(Stored data)

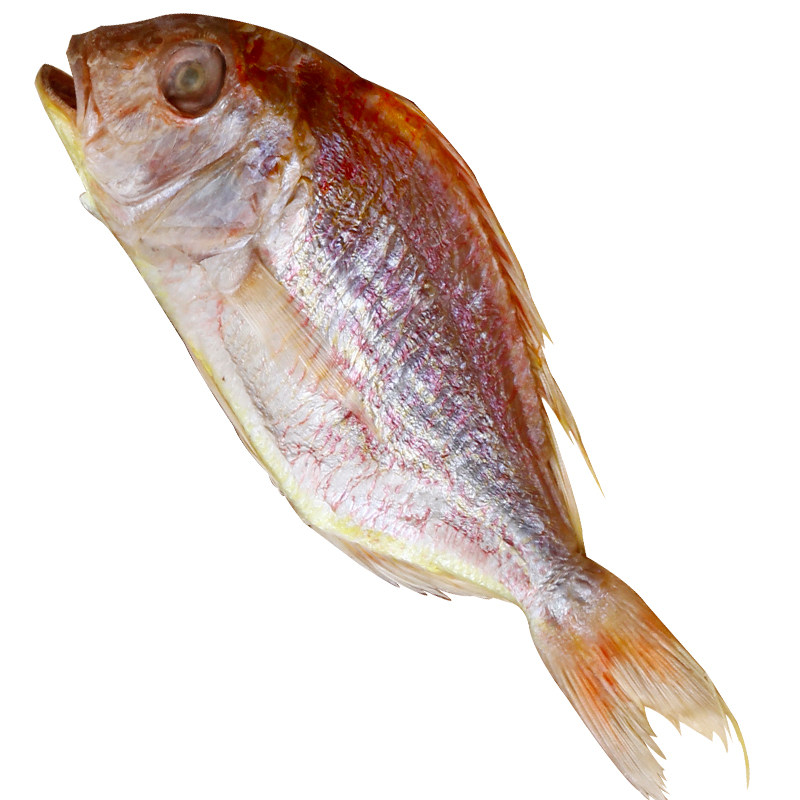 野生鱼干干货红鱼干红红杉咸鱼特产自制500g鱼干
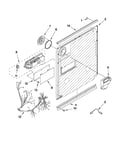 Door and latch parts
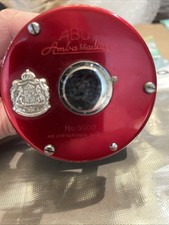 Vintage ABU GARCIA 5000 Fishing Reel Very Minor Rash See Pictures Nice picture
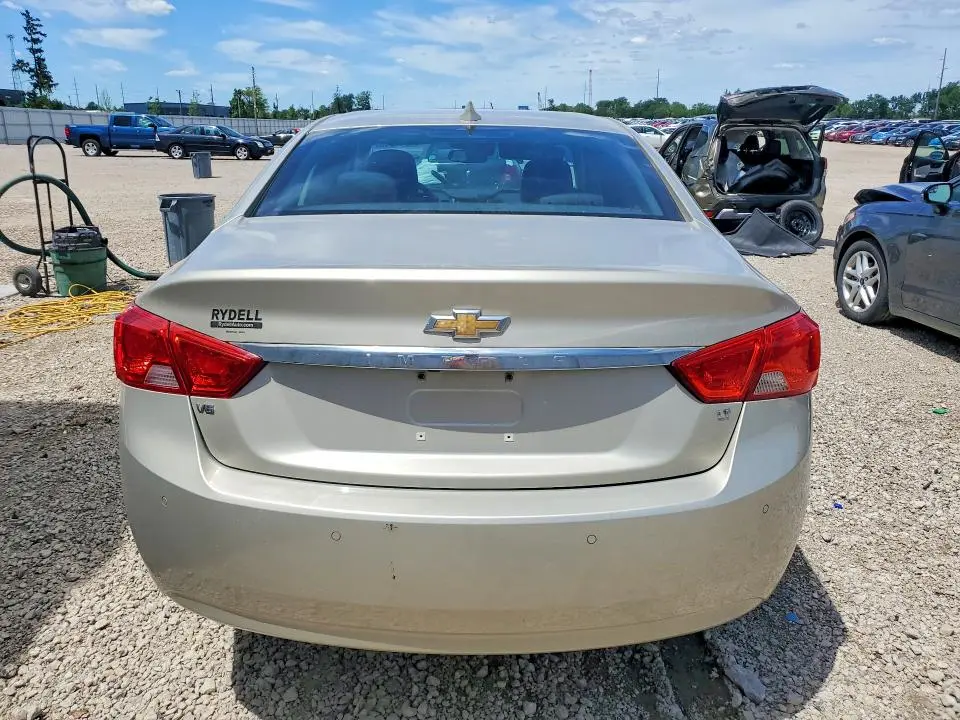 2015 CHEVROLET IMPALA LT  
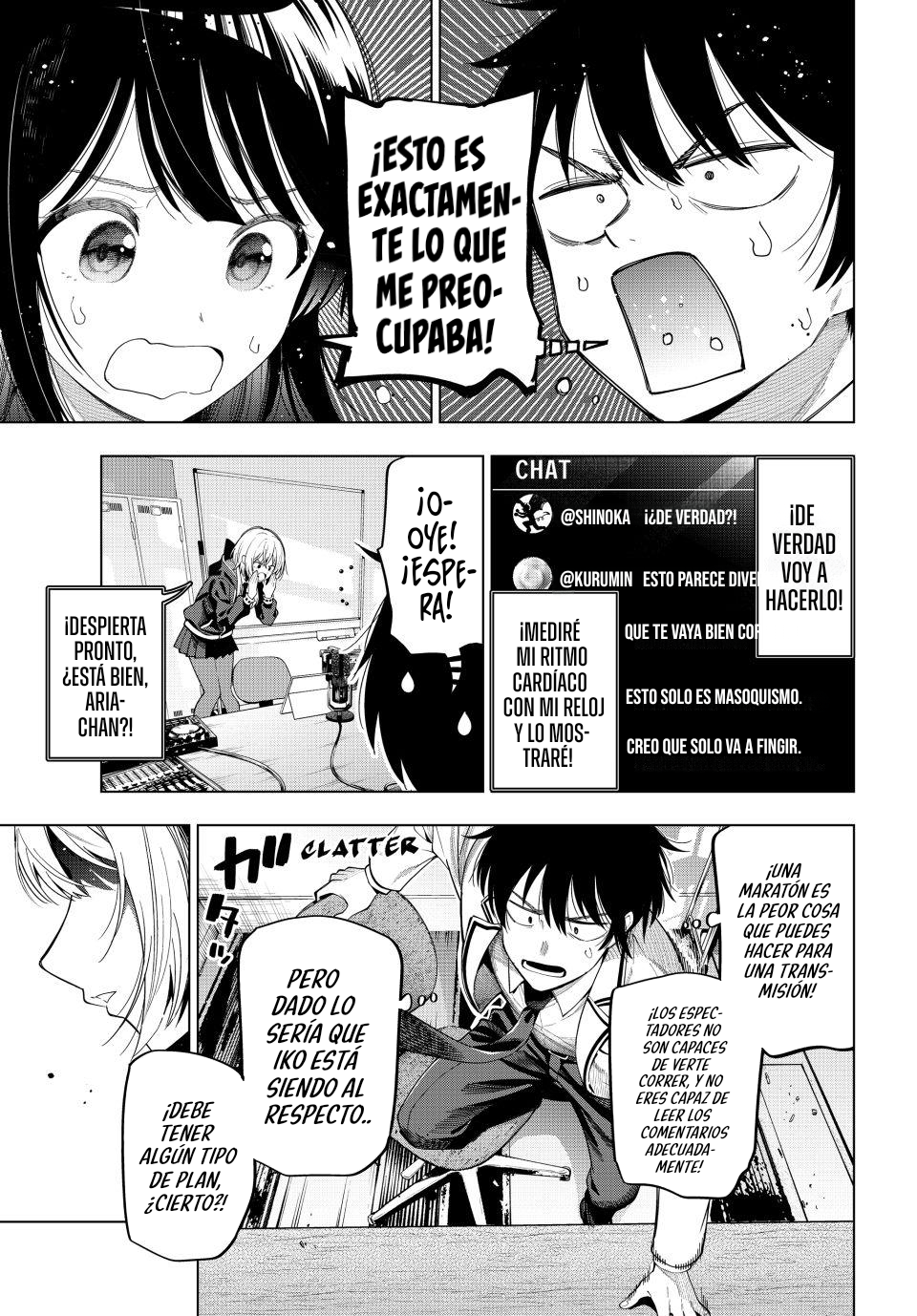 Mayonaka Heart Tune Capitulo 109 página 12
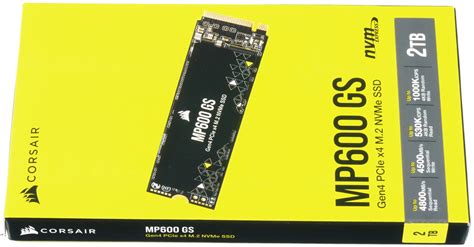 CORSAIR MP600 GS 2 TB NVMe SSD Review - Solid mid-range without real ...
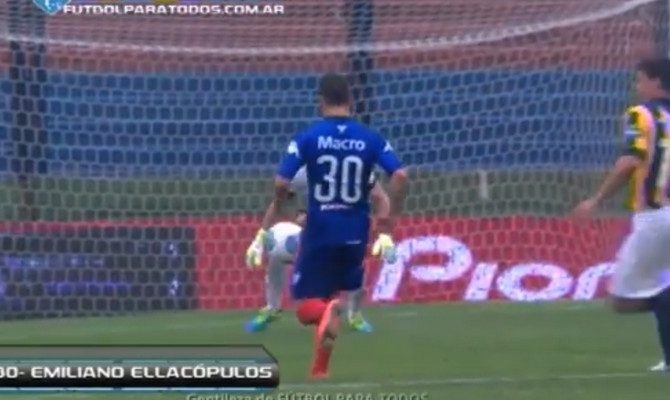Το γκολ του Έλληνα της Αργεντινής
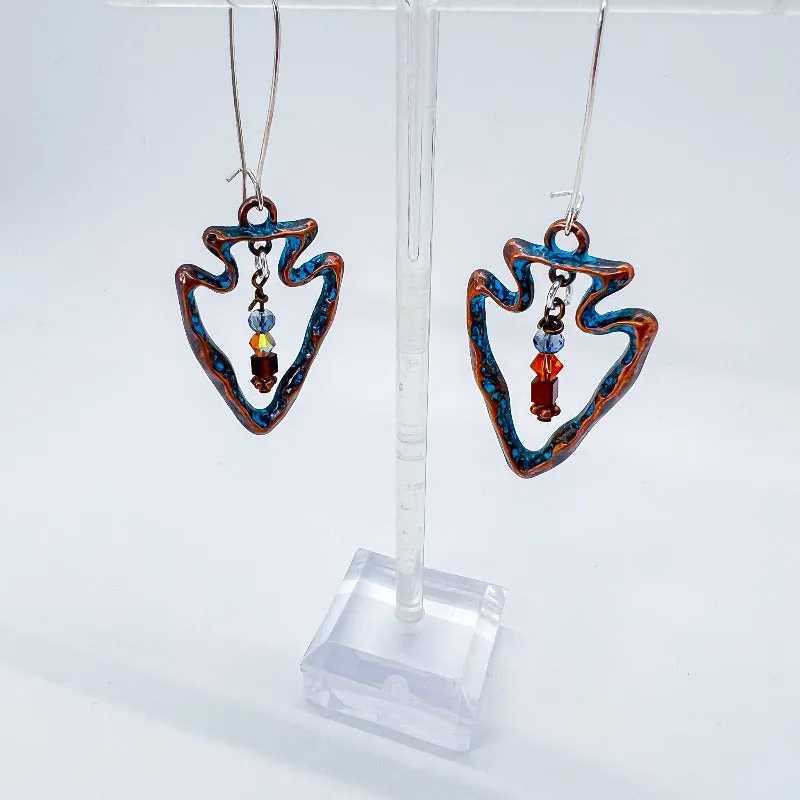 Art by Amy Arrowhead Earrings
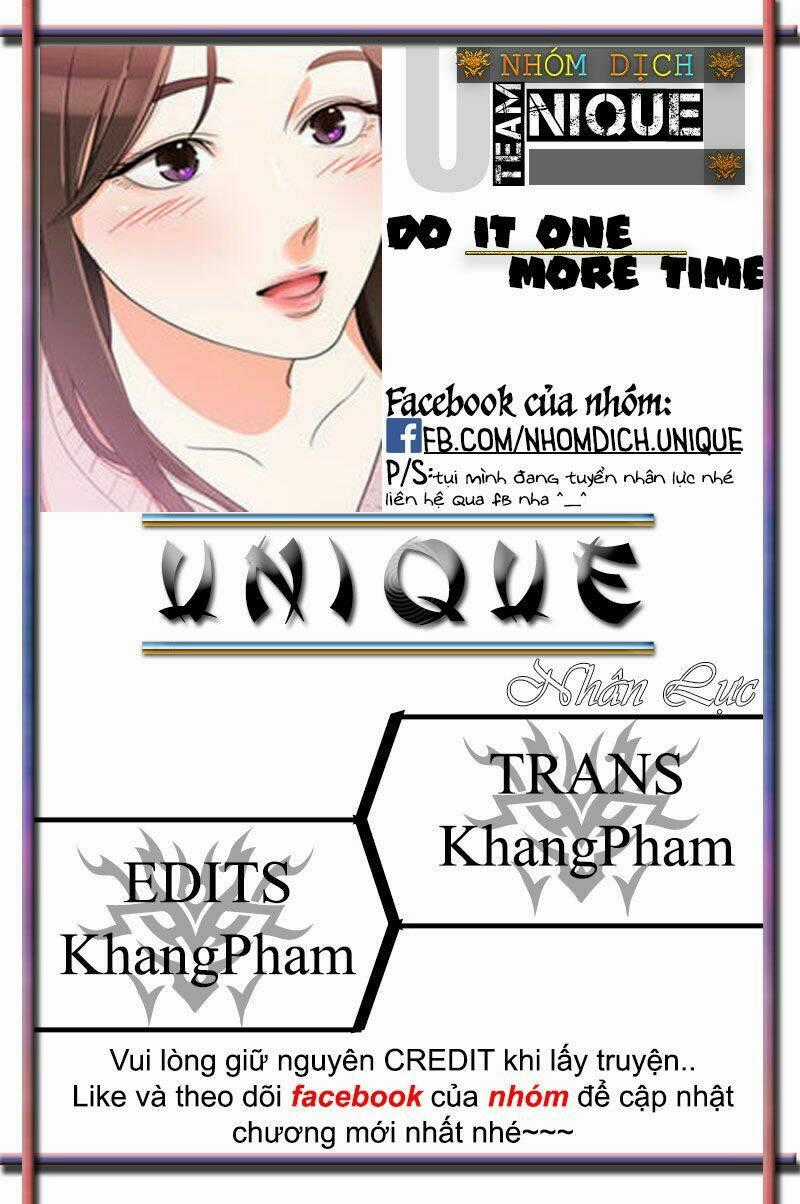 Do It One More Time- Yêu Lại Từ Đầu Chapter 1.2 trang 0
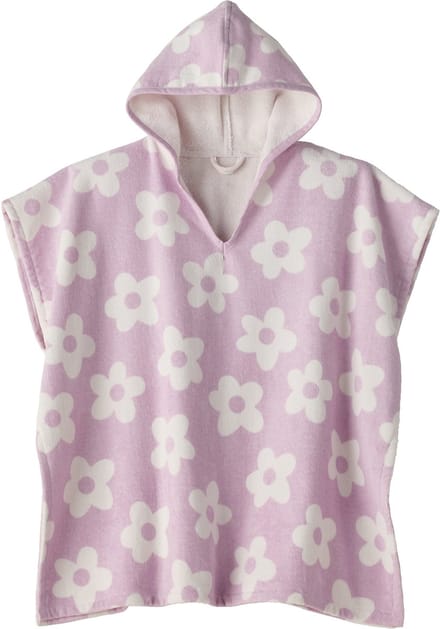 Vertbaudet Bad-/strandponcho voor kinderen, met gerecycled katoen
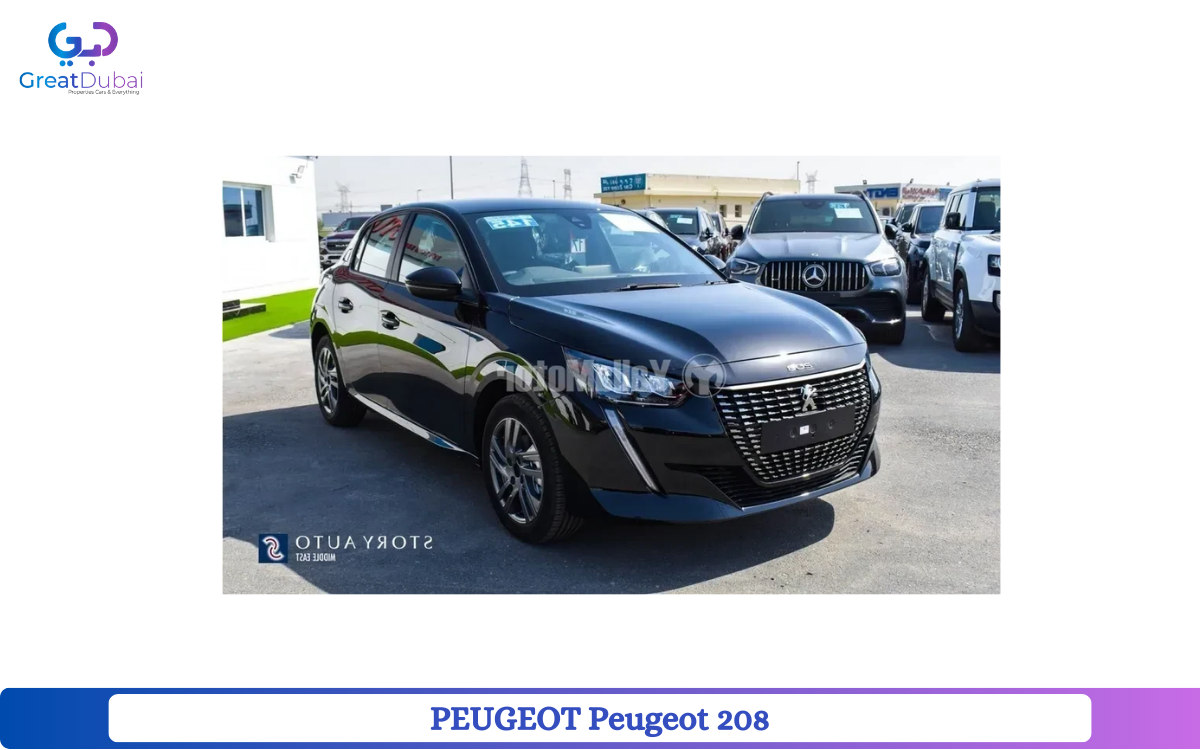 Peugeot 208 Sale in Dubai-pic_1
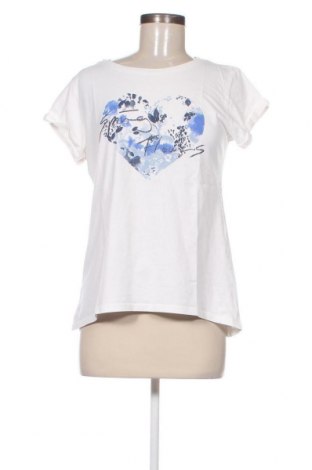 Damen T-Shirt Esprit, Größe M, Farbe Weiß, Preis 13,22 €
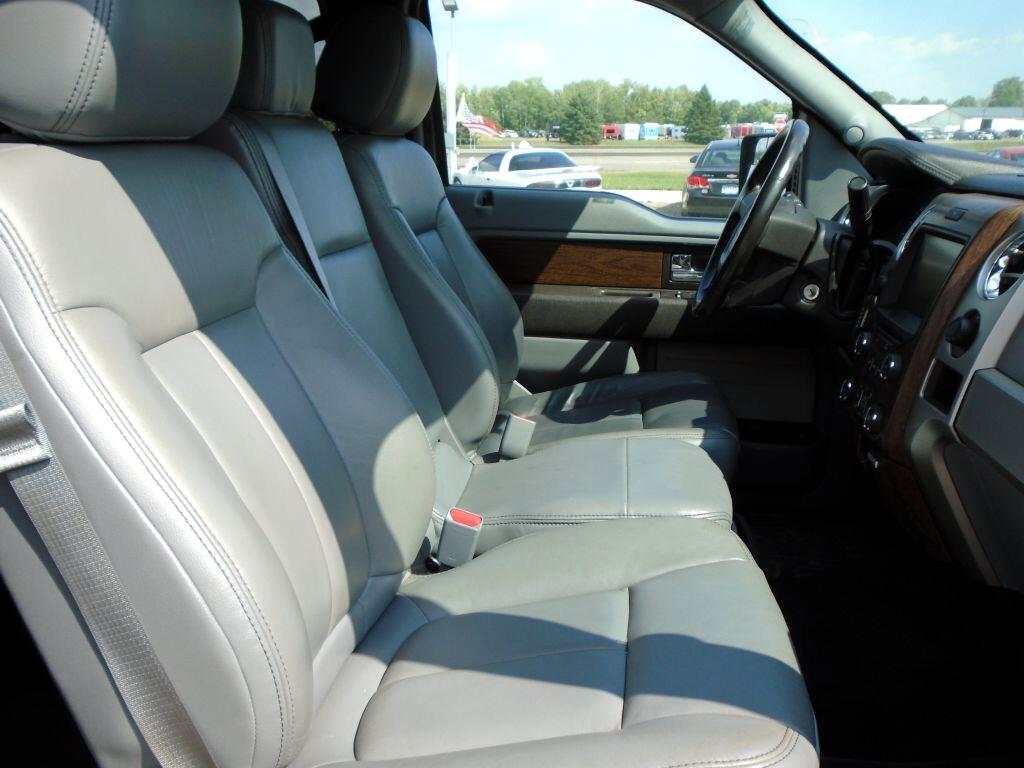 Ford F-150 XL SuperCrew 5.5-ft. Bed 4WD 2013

How to complete this task: Each entry must be reproduced word for word, and any image among them left out.

Problem solution:
 野生鱼干干货红鱼干红红杉咸鱼特产自制500g鱼干
 Door and latch parts
 Vintage ABU GARCIA 5000 Fishing Reel Very Minor Rash See Pictures Nice picture
 2015 CHEVROLET IMPALA LT  
 Mayonaka Heart Tune Capitulo 109 página 12
 CORSAIR MP600 GS 2 TB NVMe SSD Review - Solid mid-range without real ...
Το γκολ του Έλληνα της Αργεντινής
 Art by Amy Arrowhead Earrings
 Do It One More Time- Yêu Lại Từ Đầu Chapter 1.2 trang 0
 Vertbaudet Bad-/strandponcho voor kinderen, met gerecycled katoen
 Peugeot 208 Sale in Dubai-pic_1
 Damen T-Shirt Esprit, Größe M, Farbe Weiß, Preis 13,22 €
 Ford F-150 XL SuperCrew 5.5-ft. Bed 4WD 2013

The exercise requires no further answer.